Disorder, or Maryland as it was originally called (referring to the mansion's name), was penned especially for star Matthias Schoenaerts by his director here, Alice Winocour, who after meeting with some who had been through a modern day war situation was keen to depict a character who was suffering for his experiences in combat. Her instinct proved correct as he was a perfect choice at not simply showing the reliance on physicality such a man would have, but also his simmering mental problems which have left him in a state of paranoia, expecting to be attacked at any moment as he was back in the conflict zones in the Middle East where he had been stationed. Will he eventually snap?
That was the pressing question as we watched Vincent go about his days and nights, trying to work out whether he was a danger to anyone who might try and hurt the weapons trader's family, or in fact a danger to the family itself. Obviously nobody has a security guard without good reason, so you imagine Vincent had a good motive for being there, but this did bring up interesting queries about what you do when the people you have hired to protect you have, by your machinations to put them in peril, become psychologically unhinged, which appeared to happen to far too many of the soldiers around the wars of the world. Thus we fear for the dealer's wife Jessie (Diane Kruger) and his young son Ali (Zaïd Errougui-Demonsant).

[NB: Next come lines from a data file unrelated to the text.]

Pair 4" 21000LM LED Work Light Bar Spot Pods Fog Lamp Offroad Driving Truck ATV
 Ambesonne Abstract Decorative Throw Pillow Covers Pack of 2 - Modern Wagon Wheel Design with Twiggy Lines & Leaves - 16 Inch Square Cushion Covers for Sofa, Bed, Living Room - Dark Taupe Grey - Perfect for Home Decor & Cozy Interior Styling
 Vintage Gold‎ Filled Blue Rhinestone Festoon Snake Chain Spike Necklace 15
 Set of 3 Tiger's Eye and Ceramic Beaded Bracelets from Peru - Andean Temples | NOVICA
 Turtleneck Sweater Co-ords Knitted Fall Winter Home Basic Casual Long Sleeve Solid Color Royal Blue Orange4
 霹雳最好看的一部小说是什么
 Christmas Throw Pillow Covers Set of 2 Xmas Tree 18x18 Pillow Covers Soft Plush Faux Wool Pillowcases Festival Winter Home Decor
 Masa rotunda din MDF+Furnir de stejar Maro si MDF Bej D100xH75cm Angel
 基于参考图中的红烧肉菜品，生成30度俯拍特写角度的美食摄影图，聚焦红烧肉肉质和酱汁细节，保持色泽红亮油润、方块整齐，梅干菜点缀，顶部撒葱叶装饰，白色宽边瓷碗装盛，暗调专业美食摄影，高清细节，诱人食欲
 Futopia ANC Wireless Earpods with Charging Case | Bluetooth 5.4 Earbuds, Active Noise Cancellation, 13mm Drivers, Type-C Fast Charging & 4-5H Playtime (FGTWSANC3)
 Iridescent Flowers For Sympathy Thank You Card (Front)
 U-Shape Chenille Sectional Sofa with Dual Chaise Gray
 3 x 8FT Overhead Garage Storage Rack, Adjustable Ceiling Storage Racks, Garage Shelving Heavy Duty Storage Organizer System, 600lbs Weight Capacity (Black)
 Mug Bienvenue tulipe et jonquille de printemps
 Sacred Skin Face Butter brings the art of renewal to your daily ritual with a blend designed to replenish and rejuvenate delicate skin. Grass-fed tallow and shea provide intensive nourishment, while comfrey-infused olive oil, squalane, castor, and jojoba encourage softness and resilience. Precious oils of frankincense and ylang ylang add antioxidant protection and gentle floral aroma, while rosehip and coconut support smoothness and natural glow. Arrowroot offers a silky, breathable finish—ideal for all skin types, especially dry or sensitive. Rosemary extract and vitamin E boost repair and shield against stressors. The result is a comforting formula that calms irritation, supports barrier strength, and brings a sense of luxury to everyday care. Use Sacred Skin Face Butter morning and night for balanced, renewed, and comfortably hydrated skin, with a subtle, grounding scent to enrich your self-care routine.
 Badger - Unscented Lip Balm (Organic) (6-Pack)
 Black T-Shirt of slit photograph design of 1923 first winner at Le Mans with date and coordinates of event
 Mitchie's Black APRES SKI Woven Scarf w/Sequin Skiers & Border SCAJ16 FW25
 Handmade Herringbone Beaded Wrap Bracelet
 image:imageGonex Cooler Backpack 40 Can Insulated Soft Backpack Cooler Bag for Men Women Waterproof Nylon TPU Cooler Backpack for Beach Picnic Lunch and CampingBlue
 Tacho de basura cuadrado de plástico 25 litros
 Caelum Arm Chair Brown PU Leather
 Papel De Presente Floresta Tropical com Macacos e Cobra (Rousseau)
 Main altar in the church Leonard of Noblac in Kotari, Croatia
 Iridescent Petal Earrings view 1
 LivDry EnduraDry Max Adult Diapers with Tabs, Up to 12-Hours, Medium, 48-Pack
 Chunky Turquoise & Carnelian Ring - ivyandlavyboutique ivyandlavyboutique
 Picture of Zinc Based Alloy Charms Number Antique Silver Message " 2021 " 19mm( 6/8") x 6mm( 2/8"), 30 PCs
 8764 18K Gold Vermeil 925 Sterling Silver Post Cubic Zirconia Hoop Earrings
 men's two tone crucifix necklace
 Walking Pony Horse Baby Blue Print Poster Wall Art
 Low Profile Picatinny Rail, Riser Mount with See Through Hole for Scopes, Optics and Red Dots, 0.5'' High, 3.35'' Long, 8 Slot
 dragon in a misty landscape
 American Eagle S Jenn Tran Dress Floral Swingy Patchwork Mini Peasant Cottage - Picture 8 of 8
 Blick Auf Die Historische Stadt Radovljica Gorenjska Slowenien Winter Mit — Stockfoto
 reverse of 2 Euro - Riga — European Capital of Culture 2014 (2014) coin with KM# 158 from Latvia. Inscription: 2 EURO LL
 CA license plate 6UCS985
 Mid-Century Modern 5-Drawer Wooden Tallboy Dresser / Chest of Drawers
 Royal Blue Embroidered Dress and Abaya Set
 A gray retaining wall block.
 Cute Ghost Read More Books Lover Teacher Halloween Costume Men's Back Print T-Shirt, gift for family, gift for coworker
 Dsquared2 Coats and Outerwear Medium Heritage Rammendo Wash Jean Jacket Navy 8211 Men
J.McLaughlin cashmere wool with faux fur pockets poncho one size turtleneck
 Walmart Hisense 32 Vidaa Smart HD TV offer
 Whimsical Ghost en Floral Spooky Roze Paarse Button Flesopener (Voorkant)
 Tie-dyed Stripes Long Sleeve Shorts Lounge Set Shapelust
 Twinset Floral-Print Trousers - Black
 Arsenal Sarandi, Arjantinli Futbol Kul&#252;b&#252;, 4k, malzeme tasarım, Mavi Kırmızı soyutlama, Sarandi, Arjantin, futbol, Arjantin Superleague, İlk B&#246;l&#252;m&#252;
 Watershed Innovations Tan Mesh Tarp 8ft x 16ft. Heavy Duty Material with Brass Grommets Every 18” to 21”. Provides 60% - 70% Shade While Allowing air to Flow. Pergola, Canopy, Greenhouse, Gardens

Notably when by keeping an eye on those two Vincent may be getting off on his position of power, however limited that may be, and in particular obsessing over Jessie who we can perceive he views as a potential damsel in distress to be rescued by his image of himself as a knight in shining armour. Even when there was very little happening, Schoenaerts managed to whip up a hefty degree of suspense that at the point the shock moments arrived they did little to dispel the tension since they had only confirmed there was a genuine threat and that it was not going away any time soon. There were bursts of action here, but you couldn't in all honesty describe Disorder as an action flick; then again you could stretch a definition to take in the thriller genre, as Winocour assuredly included aspects of that.
Take the sequence where Jessie and Ali want to go to the beach for the day. Vincent isn't keen on the idea, but he has to follow orders being a good soldier and all, which leads almost immediately on the drive over there to him becoming convinced they are being followed by another car of possible terrorists and he puts his foot down on the accelerator to place the mother and son in yet more peril as he careers through oncoming traffic while she demands to know what he is doing and could he stop the car right now? There was a pay-off to this section which coloured the rest of the plot, but perhaps the finest part of the whole thing was the lengthy sequence at a posh party at the mansion where Vincent patrols the rich partygoers and becomes convinced that something terrible is about to happen, as you imagine a security guard has to be to keep on his toes, yet you can well understand why Jessie is noticeably nervous around him, he is a man of violence after all and that can set non-violent people on edge, even if they are going to protect them. Maybe finally this was a shade to conventional in its wrapping up, but a note of ambiguity haunts the mind. Fine electro-score by Gesaffeltstein.
[There's a Q&A with the star and director on the Soda Blu-ray, as well as the director's short films.]